Today, we’re here to share the key customer service tips for pest control professionals. From answering the phone and scheduling services to the follow-up email, pest control work orders require expedience, delicacy, and an understanding that customers may be more excited about your service than usual.
Respond to Urgency With Expedience
When a customer calls, texts, emails, or otherwise contacts you about scheduling an extermination, you can expect a certain amount of fear-tinged urgency. The best way to reassure worried or upset customers is to respond to their level of urgency with a matching level of expedience. If they’re in a hurry to see an exterminator at their door, make it clear that you’re equally eager to have someone out there helping them. Indeed, the way you manage work order scheduling is key to both emergency and more relaxed extermination services.

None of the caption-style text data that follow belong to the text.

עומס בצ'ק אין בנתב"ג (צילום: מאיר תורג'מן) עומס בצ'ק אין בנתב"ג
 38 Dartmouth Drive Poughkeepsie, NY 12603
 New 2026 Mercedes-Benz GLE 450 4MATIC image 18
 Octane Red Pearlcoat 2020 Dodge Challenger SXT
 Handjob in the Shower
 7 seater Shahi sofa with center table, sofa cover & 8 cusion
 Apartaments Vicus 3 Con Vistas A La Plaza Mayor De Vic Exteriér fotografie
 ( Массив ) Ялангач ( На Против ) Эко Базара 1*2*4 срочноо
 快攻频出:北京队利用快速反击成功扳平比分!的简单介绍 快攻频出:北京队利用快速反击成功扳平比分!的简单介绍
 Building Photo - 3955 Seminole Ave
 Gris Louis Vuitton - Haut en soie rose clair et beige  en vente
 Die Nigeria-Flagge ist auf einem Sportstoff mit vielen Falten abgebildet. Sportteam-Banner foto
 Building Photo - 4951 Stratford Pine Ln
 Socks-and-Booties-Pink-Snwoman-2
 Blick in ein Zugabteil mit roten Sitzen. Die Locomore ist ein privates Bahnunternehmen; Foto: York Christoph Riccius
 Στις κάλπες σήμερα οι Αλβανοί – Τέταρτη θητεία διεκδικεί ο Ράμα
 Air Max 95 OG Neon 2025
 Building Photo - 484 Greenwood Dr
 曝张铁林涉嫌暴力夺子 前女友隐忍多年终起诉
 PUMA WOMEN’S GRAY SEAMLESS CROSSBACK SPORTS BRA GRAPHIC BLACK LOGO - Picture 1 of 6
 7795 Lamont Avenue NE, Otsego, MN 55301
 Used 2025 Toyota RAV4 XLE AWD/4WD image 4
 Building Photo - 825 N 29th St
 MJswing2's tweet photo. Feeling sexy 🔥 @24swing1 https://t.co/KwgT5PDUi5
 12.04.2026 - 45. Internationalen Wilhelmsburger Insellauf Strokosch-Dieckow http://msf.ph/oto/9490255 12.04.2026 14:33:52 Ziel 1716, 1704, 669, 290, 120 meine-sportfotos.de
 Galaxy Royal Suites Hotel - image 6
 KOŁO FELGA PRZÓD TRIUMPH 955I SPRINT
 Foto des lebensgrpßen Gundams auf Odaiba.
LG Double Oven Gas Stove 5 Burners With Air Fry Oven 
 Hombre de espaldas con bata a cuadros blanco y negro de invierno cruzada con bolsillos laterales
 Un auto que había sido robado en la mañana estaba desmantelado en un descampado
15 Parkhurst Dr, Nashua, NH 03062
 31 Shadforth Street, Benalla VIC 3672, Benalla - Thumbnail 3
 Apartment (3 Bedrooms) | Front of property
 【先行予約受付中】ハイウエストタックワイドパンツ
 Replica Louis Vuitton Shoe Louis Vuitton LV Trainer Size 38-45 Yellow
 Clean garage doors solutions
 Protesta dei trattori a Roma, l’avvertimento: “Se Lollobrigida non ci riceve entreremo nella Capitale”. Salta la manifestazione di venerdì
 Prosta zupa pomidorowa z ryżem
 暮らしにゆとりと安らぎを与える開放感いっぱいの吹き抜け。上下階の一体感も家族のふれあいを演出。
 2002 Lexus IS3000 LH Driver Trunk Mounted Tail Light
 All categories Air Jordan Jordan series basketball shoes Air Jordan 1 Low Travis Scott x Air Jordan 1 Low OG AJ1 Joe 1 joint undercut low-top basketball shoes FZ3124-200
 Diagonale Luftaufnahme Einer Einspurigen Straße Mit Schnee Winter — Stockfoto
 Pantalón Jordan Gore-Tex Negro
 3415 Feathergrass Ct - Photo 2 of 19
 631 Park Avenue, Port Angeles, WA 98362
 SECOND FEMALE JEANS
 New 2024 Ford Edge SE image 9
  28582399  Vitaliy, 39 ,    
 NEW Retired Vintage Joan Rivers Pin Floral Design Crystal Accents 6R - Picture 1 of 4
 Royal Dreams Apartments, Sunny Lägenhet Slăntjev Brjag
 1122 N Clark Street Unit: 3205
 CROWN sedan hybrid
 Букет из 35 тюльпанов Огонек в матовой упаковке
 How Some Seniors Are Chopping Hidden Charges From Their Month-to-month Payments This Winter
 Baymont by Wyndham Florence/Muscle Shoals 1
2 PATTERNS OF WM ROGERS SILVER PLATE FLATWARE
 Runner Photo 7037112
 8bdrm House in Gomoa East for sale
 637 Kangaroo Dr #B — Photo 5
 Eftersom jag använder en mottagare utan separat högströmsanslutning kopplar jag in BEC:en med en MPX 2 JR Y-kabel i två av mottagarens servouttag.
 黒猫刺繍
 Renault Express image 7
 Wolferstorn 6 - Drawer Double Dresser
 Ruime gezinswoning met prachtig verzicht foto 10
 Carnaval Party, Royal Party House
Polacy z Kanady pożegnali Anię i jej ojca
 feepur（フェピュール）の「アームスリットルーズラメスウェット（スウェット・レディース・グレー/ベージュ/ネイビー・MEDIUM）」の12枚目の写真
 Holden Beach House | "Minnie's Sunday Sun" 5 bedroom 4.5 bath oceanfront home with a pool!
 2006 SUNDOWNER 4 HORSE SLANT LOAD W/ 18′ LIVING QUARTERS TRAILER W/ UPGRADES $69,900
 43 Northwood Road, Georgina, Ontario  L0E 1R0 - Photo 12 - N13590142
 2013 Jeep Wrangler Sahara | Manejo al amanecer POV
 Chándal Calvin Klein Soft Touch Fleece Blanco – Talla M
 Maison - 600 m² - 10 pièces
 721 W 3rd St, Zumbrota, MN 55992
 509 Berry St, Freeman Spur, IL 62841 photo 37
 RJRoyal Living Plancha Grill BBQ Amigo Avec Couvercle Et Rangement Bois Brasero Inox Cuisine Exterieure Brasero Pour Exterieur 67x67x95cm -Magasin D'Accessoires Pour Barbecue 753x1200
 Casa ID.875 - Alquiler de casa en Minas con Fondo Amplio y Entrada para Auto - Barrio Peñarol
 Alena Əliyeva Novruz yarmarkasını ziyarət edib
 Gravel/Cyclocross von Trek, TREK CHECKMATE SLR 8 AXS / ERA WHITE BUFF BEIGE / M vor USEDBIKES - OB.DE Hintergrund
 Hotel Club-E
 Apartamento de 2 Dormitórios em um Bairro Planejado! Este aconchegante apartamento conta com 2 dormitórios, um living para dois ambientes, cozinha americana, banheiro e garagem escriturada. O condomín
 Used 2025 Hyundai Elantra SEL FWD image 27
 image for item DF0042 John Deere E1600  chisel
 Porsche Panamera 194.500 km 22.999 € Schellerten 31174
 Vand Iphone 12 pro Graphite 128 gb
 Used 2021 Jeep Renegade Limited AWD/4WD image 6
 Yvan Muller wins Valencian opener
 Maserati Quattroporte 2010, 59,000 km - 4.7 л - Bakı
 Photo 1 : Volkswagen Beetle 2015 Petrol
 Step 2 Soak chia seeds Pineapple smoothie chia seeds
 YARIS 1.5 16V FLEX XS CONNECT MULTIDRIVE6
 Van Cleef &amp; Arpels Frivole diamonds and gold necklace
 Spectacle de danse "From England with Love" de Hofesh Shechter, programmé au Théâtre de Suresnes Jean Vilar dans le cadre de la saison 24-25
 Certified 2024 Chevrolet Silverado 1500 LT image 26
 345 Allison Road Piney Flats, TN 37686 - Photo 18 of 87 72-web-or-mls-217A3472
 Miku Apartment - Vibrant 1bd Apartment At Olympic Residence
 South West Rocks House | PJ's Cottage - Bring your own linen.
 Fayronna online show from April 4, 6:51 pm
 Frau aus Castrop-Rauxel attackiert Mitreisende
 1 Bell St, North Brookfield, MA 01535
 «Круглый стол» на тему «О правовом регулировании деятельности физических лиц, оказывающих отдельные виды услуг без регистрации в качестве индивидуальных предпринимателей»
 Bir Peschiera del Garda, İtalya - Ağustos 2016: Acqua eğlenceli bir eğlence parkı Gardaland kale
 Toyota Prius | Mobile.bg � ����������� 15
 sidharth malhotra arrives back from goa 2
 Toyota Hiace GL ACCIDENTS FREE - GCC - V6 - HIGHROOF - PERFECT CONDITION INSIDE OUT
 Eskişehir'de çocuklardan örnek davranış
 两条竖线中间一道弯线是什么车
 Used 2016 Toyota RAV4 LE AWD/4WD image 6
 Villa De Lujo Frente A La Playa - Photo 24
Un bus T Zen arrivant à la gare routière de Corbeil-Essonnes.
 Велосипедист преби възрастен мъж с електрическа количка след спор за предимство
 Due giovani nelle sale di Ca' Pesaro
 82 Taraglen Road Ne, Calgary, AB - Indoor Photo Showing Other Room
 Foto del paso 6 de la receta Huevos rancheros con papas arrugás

Through tone of voice, wording, and quick scheduling, you can show your customers that you care about their health, safety, and home integrity as much as they do. This will help them understand that their vermin worries are being handled by someone who takes their concerns and their very legitimate fear seriously and will act with due haste to save them from the invading hordes.
Of course, not every customer calls in a panic. Some are so cool about bugs that they could have been pest control professionals in another life. These customers will most appreciate an equally calm and professional approach. Do your best to match your customer’s tone.
Talking to Your Clients About the Service
Everyone responds to the human fear of insects differently, so how you go about soothing customers and helping them during your visit will vary from customer to customer. For those who are truly freaked out and clearly need a break from the whole situation, invite them to spend some time on their porch with an iced drink and a book while you take care of the problem for them. However, some will feel better by seeing the extermination in action.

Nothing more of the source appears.